Fantastic Four: Rise of the Silver Surfer (2007) poster

Fantastic Four: Rise of the Silver Surfer (2007)

Rating:


USA/Germany. 2007.

Crew

Director – Tim Story, Screenplay – Mark Frost & Don Payne, Story – Mark Frost & Jack Turman, Based on Characters Created by Jack Kirby & Stan Lee, Producers – Avi Arad, Bernd Eichinger & Ralph Winter, Photography – Larry Blanford, Music – John Ottman, Visual Effects Supervisor – Scott Squires, Visual Effects – Giant Killer Robots, Hammerhead Productions, Hy*drau*lx (Supervisor – Jake Morrison), The Orphanage Inc (Supervisor – Stu Marschwitz) & Weta Digital (Supervisor – Eric Saindon), Special Effects Supervisor – Mike Vezina, Creature/Makeup Effects – Spectral Motion Inc (Supervisor – Mike Elizalde), Production Design – Kirk M. Petruccelli.

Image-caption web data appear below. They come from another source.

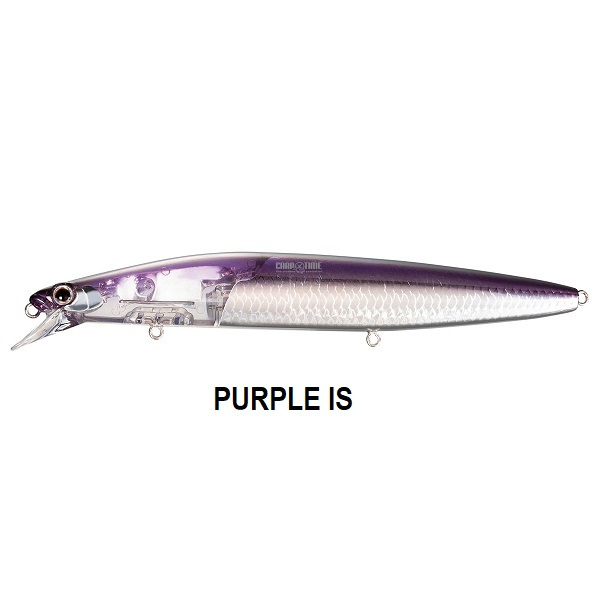 SILENT ASSASSIN 140 FLOATING FLASH BOOST - immagine 6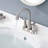 Centerset 2-handle Bathroom Faucet with Drain Assembly-80014460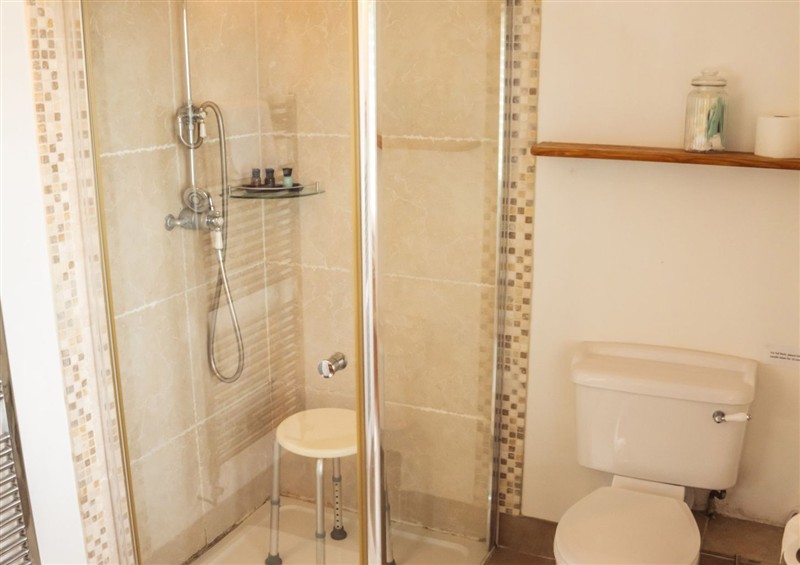 Bathroom (photo 2) at Jabajak, Whitland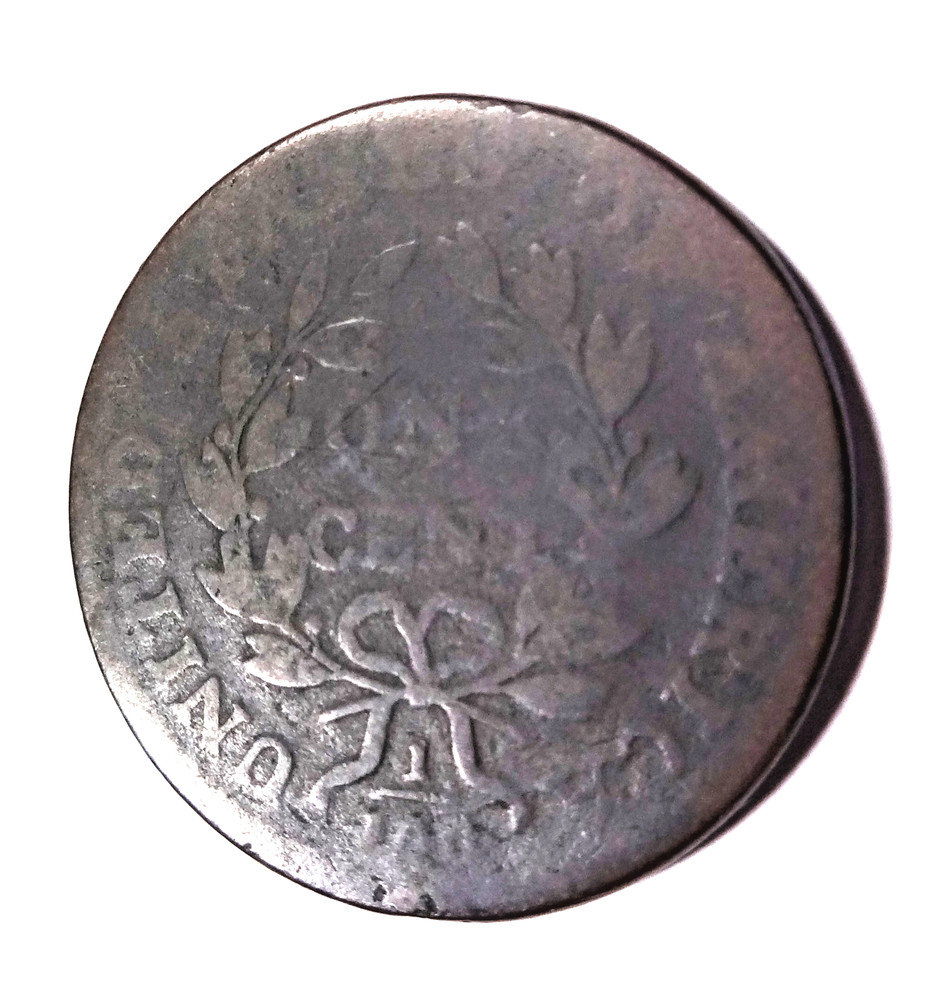 1800 Draped Bust Large Cent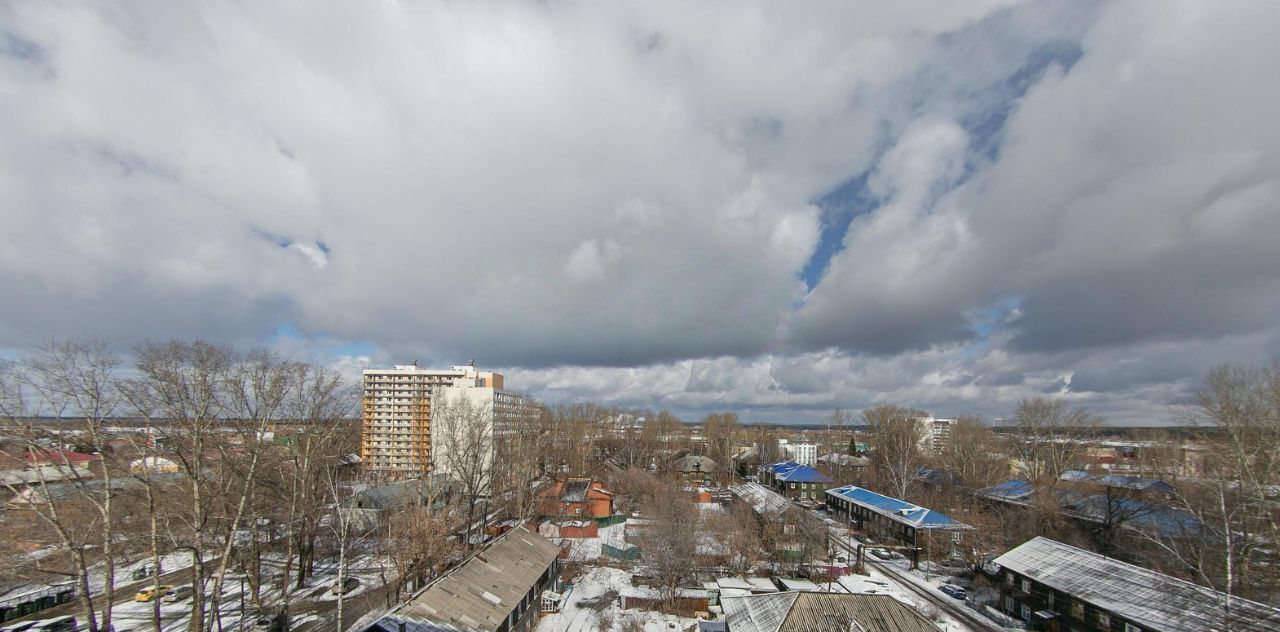 квартира г Томск р-н Ленинский Черемошники ул 5-й Армии 9 фото 11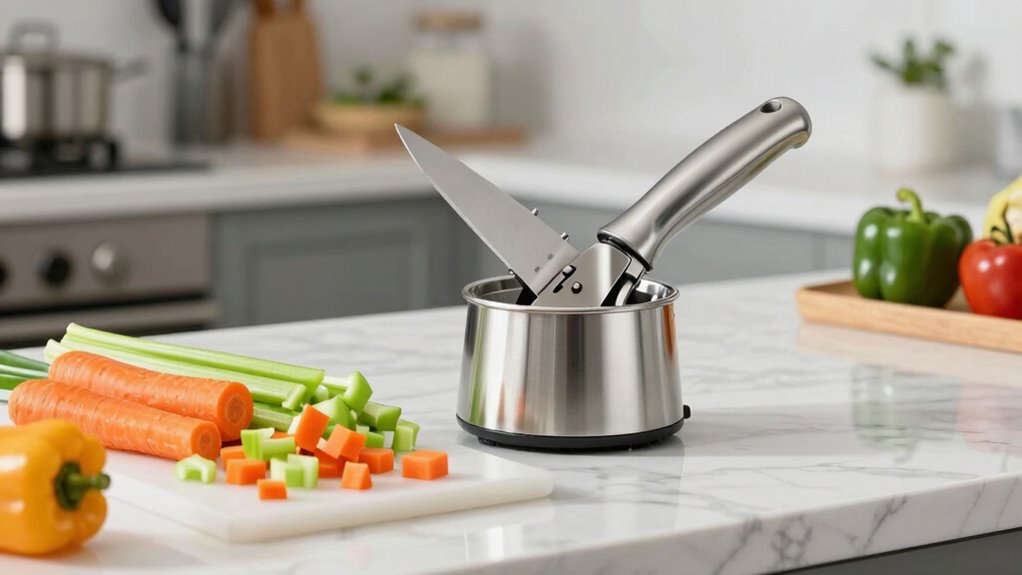 vegetable chopper selection criteria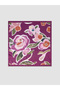 Lcw Accessories Pink Patterned Women's Bandana - 4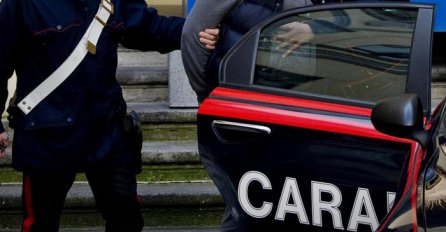 U Rimu uhapšena 61 osoba povezana sa mafijaškom grupom Camorra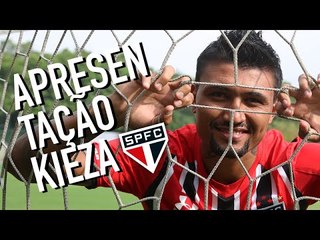 APRESENTAÇÃO KIEZA | SPFCTV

Production Company – 20th Century Fox/Marvel Enterprises/1492 Pictures/Bernd Eichinger/Constantin Film/Ingenious Film Partners/Dune Entertainment LLC.

Cast

Ioan Gruffudd (Reed Richards/Mr Fantastic), Jessica Alba (Susan Storm/Invisible Girl), Chris Evans (Johnny Storm/The Human Torch), Michael Chiklis (Ben Grimm/The Thing), Julian McMahon (Victor Von Doom), Andre Braugher (General Hager), Laurence Fishburne (Voice of The Silver Surfer), Doug Jones (The Silver Surfer), Kerry Washington (Alicia Masters), Beau Garrett (Captain Raye)


Plot

As Reed Richards and Susan Storm prepare to marry in a wedding that is followed by the media, the Earth experiences various bizarre weather anomalies. The military ask Reed’s help in building a sensor to track the high-levels of cosmic radiation that surround each of these events. Reed declines because of the wedding but then builds the sensor in secret, hiding it from Susan who expects him to concentrate on their pending nuptials. As the wedding ceremony begins, a shimmering silver humanoid figure riding aboard a silver surfboard appears over New York and destroys the sensor. Johnny pursues the figure but is dragged into the upper atmosphere and then dropped from orbit. He survives but is left with the ability to swap superpowers whenever he touches any of the rest of the Fantastic Four. Disappointed with Reed’s inability to stop the alien surfer, the military bring in a revived Victor Von Doom to assist. They discover that the Silver Surfer, as Reed nicknames it, is a herald that serves an entity known as Galactus that devours entire worlds and that the Surfer has come to prepare the way for the Earth’s destruction. As Reed devises a means to separate the Surfer from his surfboard, they must deal with the treacherous Von Doom who is planning the steal the surfboard for himself.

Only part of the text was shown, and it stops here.